Queens Speech frustrates council leaders

14 Nov 02
Tony Blair's big political ideas for the next 12 months have drawn immediate criticism following their unveiling at the state opening of Parliament this week.

15 November 2002

Local government leaders described the package of measures, outlined in the Queen's Speech on November 13, as representing 'two steps forward and one step back'.

Sir Jeremy Beecham, chair of the Local Government Association, expressed his frustration that the proposed legislation would in some instances help authorities, but in others hinder them.

'The different pieces of legislation do not yet add up to a coherent philosophy, so councils will have to deliver the changes while being pulled in different directions,' he said.

'If the Local Government Bill is generally good, the tendency for Whitehall to interfere unnecessarily is bad, while the fining of social services departments is a downright ugly scar on the face of co-operation between partner organisations.'

As expected, the Local Government Bill heralds the introduction of the prudential borrowing system, which allows councils to determine how much debt they can sustain to fund capital projects.

This is based on a code developed by CIPFA. Policy and technical director Vernon Soare said it would give authorities more financial autonomy and 'holds significant potential for service improvement for the public'.

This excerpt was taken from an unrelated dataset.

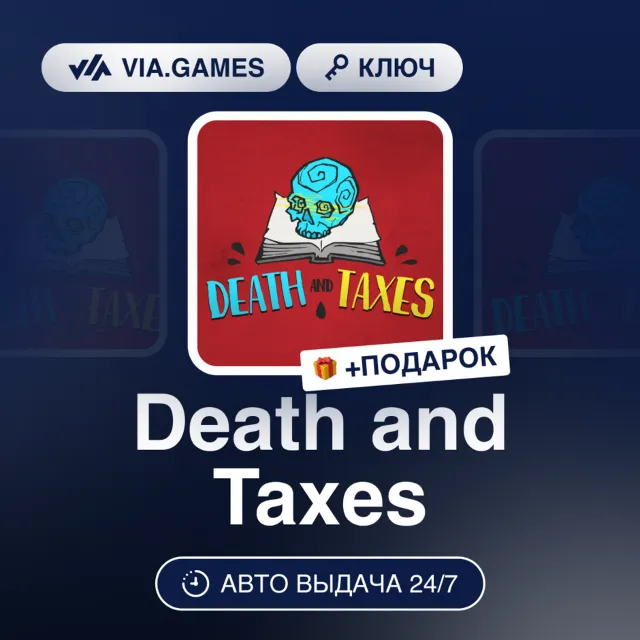 Death and Taxes (Steam Ключ) РФ-СНГ-МИР + ПОДАРОК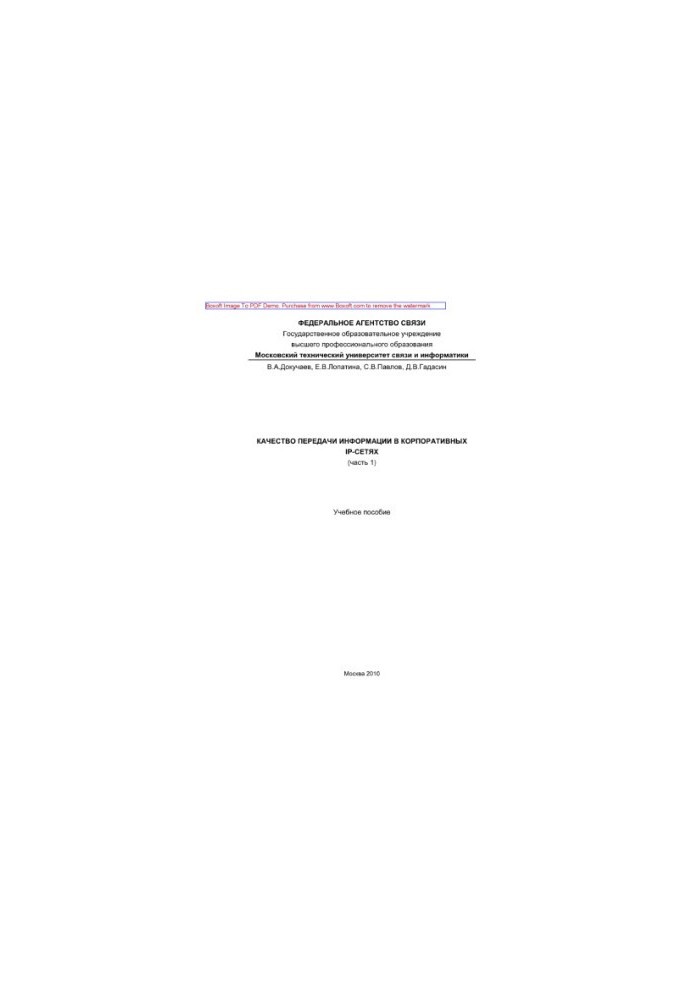 Quality of information transfer in corporate IP networks (part 1)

The Bill will also give authorities powers to sell their expertise to other organisations and charge users for discretionary services. But it is also likely to include plans to pool receipts from council house sales, which the LGA opposes.

Plans in the Bill to give high-performing councils additional freedoms and flexibilities drew fire from Unison, the largest local government union.

Heather Wakefield, its national secretary, attacked the Comprehensive Performance Assessments that will decide which authorities will qualify.

'Unison is critical of the system by which councils are judged to be succeeding or failing. We are not convinced that it is based on fair and accurate criteria,' she said.

Overall, the Queen's Speech contained few surprises. As expected, the heart of it was devoted to far-reaching reforms of the criminal justice system.

Other measures included a widely trailed Referendum Bill to pave the way for directly elected regional assemblies. George Morran, chair of the Campaign for the English Regions, said this was a victory for democracy. 'With elected assemblies the quango state will be reined in and made answerable to people in the regions.'

The anticipated Bill on planning, to speed up the approval of major infrastructure schemes and limit the role of county councils, was included. So was legislation on waste and emissions, which will limit the use of landfill sites and set up an allowance trading system between authorities.

Authorities will also be given control of the licensing system and have powers to grant longer opening hours to pubs and bars.